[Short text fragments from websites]
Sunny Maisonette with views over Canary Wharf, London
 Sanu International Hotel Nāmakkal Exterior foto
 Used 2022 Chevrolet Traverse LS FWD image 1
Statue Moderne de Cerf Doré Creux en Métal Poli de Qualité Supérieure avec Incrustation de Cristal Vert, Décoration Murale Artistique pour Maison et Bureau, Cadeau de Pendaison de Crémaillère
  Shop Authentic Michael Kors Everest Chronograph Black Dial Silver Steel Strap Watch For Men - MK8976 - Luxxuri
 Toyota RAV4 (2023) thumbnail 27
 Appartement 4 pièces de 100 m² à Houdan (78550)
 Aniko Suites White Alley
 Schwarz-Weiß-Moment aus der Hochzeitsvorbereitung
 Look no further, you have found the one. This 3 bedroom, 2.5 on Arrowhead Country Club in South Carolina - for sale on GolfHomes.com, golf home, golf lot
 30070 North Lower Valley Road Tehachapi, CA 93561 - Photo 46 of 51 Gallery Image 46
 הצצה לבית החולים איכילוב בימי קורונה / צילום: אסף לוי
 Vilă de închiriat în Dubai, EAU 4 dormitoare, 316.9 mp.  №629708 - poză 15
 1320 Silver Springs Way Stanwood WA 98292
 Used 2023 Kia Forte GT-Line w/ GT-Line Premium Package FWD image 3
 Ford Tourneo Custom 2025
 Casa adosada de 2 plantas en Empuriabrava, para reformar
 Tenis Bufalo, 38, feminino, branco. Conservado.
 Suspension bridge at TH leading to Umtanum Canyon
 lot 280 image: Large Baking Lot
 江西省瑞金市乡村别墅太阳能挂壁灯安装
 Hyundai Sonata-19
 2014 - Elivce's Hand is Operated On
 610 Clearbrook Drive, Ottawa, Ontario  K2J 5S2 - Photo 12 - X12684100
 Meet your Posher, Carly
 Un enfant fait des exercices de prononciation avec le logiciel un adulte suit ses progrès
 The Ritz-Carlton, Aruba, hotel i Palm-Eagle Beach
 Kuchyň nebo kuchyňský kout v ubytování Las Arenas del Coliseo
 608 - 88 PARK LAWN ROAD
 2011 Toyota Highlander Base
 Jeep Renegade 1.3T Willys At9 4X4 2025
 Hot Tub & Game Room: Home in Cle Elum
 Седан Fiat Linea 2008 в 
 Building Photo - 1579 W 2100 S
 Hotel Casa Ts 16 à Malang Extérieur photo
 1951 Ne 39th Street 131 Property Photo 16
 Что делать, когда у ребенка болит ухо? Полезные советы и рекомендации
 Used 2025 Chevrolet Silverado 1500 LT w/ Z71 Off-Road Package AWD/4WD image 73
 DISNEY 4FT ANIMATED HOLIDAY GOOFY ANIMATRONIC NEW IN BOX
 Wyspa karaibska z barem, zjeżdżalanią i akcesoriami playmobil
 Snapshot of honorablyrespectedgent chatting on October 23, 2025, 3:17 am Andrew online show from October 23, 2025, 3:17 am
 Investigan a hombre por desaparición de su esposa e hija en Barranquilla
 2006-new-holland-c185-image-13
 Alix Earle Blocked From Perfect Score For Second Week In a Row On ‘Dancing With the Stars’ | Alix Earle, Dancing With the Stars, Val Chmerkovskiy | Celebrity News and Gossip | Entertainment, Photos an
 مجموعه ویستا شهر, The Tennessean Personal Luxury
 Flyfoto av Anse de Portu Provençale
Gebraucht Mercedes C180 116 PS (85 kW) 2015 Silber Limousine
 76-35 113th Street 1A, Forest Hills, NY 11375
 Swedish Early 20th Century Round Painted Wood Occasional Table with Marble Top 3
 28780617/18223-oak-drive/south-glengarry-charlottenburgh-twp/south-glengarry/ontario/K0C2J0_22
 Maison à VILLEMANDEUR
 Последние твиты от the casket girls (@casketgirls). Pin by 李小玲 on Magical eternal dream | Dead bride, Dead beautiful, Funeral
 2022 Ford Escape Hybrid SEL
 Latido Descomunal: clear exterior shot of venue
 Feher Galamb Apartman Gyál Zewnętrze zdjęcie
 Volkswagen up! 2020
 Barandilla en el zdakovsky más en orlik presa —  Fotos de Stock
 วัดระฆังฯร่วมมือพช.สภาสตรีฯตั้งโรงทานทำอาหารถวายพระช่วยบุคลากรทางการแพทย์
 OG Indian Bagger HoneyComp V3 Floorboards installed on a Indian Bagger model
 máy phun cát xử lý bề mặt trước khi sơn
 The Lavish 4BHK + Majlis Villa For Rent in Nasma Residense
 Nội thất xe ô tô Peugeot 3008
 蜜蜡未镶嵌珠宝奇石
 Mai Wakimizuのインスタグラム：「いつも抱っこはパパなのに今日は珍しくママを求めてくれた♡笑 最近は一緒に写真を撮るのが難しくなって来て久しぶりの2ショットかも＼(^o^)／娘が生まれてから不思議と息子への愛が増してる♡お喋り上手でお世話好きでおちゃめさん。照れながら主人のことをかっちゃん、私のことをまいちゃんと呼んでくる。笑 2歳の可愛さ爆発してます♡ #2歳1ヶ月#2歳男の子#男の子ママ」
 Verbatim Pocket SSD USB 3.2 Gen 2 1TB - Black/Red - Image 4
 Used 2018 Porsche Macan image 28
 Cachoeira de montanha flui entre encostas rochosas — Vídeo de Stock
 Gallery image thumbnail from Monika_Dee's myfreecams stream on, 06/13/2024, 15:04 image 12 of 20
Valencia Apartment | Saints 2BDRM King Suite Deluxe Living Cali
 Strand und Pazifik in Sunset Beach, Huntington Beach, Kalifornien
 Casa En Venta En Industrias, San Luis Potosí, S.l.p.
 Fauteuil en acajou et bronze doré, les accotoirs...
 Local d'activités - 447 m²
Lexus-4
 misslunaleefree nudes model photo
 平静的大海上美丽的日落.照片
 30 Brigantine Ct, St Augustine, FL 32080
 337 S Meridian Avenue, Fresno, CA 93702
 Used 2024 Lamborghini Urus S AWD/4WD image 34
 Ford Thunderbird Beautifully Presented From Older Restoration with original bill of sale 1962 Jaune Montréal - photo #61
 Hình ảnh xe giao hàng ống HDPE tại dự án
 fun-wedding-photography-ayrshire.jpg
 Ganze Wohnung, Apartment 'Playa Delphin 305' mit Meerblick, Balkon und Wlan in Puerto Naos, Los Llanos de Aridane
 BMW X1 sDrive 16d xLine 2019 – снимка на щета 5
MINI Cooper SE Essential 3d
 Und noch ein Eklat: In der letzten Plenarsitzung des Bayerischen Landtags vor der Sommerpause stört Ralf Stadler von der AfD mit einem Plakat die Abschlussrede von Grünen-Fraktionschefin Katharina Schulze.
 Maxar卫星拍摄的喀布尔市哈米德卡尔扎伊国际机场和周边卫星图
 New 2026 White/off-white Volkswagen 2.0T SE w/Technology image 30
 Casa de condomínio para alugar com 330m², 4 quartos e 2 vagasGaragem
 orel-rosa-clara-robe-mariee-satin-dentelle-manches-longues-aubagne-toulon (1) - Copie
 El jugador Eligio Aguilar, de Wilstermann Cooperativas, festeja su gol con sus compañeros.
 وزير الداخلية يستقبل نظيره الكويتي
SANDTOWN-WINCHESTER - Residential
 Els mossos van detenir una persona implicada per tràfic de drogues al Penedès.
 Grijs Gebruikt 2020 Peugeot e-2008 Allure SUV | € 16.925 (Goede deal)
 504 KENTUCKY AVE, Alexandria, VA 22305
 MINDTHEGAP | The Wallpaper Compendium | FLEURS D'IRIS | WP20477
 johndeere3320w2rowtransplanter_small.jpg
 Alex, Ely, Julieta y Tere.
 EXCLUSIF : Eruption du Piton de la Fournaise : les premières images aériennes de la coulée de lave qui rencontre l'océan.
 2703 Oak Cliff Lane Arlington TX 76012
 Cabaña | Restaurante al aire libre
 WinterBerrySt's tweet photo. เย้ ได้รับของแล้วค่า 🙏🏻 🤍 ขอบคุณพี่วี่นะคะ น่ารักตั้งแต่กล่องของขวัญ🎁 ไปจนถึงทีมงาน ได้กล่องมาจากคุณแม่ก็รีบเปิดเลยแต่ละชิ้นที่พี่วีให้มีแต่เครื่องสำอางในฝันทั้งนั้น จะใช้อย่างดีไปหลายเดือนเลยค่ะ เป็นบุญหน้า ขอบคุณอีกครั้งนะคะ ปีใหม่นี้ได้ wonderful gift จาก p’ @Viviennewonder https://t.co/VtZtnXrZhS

_Work to complete_
Pull every line with "Package" from the records.

_Solution to this exercise_
 Used 2023 Kia Forte GT-Line w/ GT-Line Premium Package FWD image 3
 Used 2025 Chevrolet Silverado 1500 LT w/ Z71 Off-Road Package AWD/4WD image 73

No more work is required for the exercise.